Law and Internet are two things we all think we are aware of. We know what the Law is (or at least study it) and as global children we for sure know what is Internet. When you try to combine these two subjects, it turns out that Internet law is pretty tricky. Not only it is hard to imagine what we are dealing with (as it mostly covers relations concerning intangible goods) but it is also hard to define applicable law (since multiple countries are involved).
This rapidly developing area even in theory seems controversial, so hearing the thoughts from practicing lawyers was a good idea both for those, who had just started studying law and for students that have taken a couple of courses in the IP and IT law areas.
First two lawyers (Antti Innanen and Jaakko Lindgrèn) described briefly the key issues in digital world and data transfer. Antti Innanen has started with explaining what is value in general understanding and what value means in digital world. We all can agree that the more advanced our technologies becomes, the more we go away from the old-fashioned sense of value and comes to the “value of the intangibles”, that has overcome “the value of the tangibles”. Antti stressed that we have to understand it the sooner the better since we will most likely might work in some related areas. Jaakko Lindgrèn focused his presentation on data protection. I would share the opinion of many lawyers if say that this issue is highly underestimated. Some of support an idea that we are “not that important” for government, big brother or anyone else to surf our interned history, others are convinced that we have to minimize usage of traced souses and be very close to writing encrypted messages to our friends in advertisement areas of “Turun Sanomat”. The truth is, as always, somewhere in between.

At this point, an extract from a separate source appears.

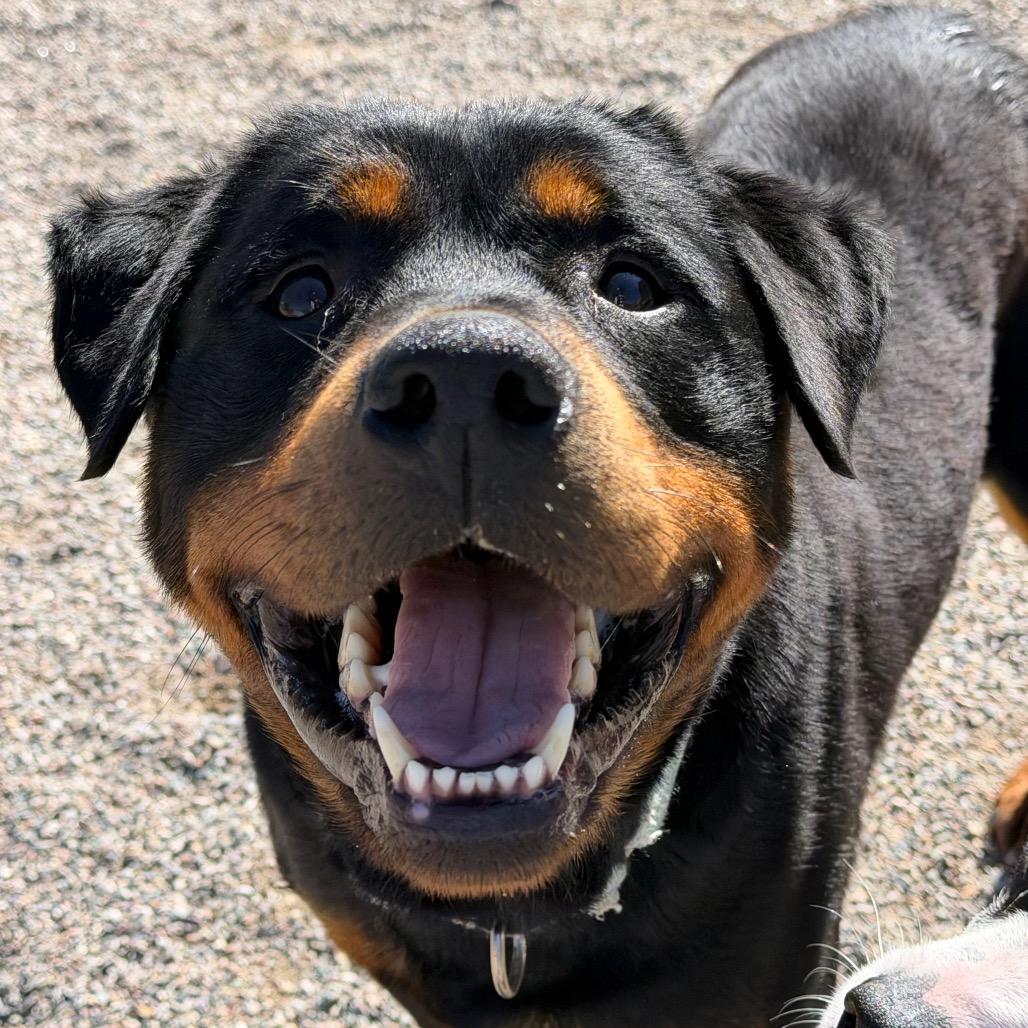 Enlarge Tisha, a Adoptable Rottweiler in Durango, CO image 3/6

The third presenter, Jussi Kari, had shared very practical points of BitTorrent and copyright Letters sending that is happening now in Finland and in other countries. We have to agree with him that it is both cash grab and effective anti-piracy but still a little bit more a cash grab. Jussi showed some statistics about sending the letters within the years, the costs for maintenance of such and also explained what the possible solutions to the issue are. Not only the topic was engaging but also the practical approach to the presenting. I believe Jussi was able to interest everyone: the way of his explaining was simple and understandable so students with general understanding of issues and students, who are conduction their researches in the relevant areas, were also interested in practical issues as it is always interesting to observe how theory finds its fulfillment on practice.
As the last word I have to thank ELSA Turku for organizing such event. I hope many of the bachelor degree students will now be more interested in Law and the Interned and more seminars will be held.